The other day, we were bemoaning the amount of time we spend working for SATs. We want good results, and you have to keep up with the pack. And don't all the other schools cram too? You can't afford to be left behind. When I was in my last year at junior school, the teacher spent most of her time preparing us for the 11-plus. As a young teacher, I devoted hours to showing my 11-year-olds how to crack verbal reasoning tests. Yes, there was an interesting lull in the anti-test Seventies and Eighties, but anything went then, and often children didn't learn much at all. Overkill, in the form of a new government, a national curriculum and oodles of expensive testing arrived to sort that out.
The trouble is, SATs affect other year groups as well. Schools are worried about leaving everything to the final year, and Year 5 now has "practice SATs". Even the last two years of primary school might not give enough time to master the art of putting tracing paper over shapes to see which two make a square, so hadn't we better design our own in-school SATs for Years 3 and 4? I sometimes think primary schools are becoming factories with the sole aim of getting everybody out of the building with a level 4.
There are knock-on effects, too. Ofsted inspectors seem to use SATs as a litmus test for everything. Before the team arrives, the registered inspector will have pored over graphs and percentages in those riveting booklets, the Panda and Picsii. Not to mention your S1, S2, S3 and S4, forms designed by VDPs (very dull people), purporting to give a picture of the school in miniature and not doing anything of the sort. Then, having found the tiniest weakness in your Year 2 SATs for 1835, where the graph trembled because able Daphne had moved to another school and your best teacher had annoyingly gone off to have a birthday, they'll home in to show that your school is falling apart. Even local school inspectors use these bits of paper religiously. Every year, when the delivery man risks a hernia getting SATs boxes up the stairs, my stomach lurches at what it must all cost. Even the instructions for sending the tests off contain unbelievably detailed instructions.

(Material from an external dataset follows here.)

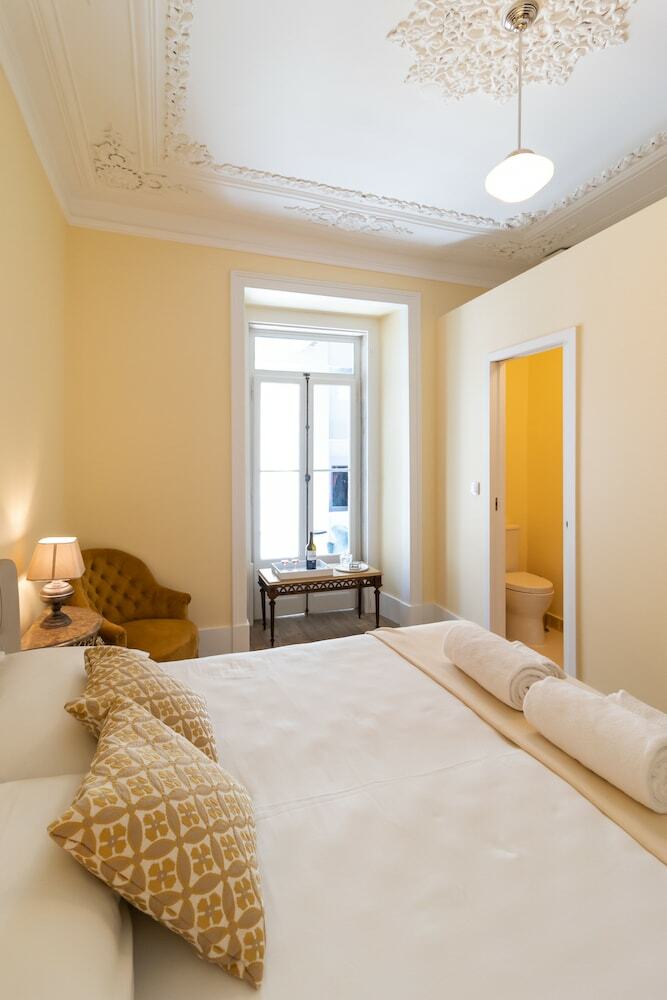 Hotel 1898 Home & Suites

Parents have been persuaded that SATs are vital. In my school only two children have ever been absent for them, and one was only away for a day. Once the lift in a local block of flats broke as five of our children were on their way for the start of SATs week. Three were terrified. Not because they were stuck, but because they might miss science "A". And yet the SATs results don't matter to the children. They've got secondary school places, the schools have been informed about their abilities, and the parents are aware of how their children are progressing because the teachers spend time with them. They matter to the school though. My God, everybody, we've slipped two places down the league tables. We're coasting. Or failing. Next stop, special measures.
I had to smile when a mother approached a friend of mine, and asked if he could give her 11-year-old some extra lessons a couple of times a week. "SATs practice?" inquired my friend. "No bleedin' fear," she said. "He gets that all day long. Can't he paint a picture or something?"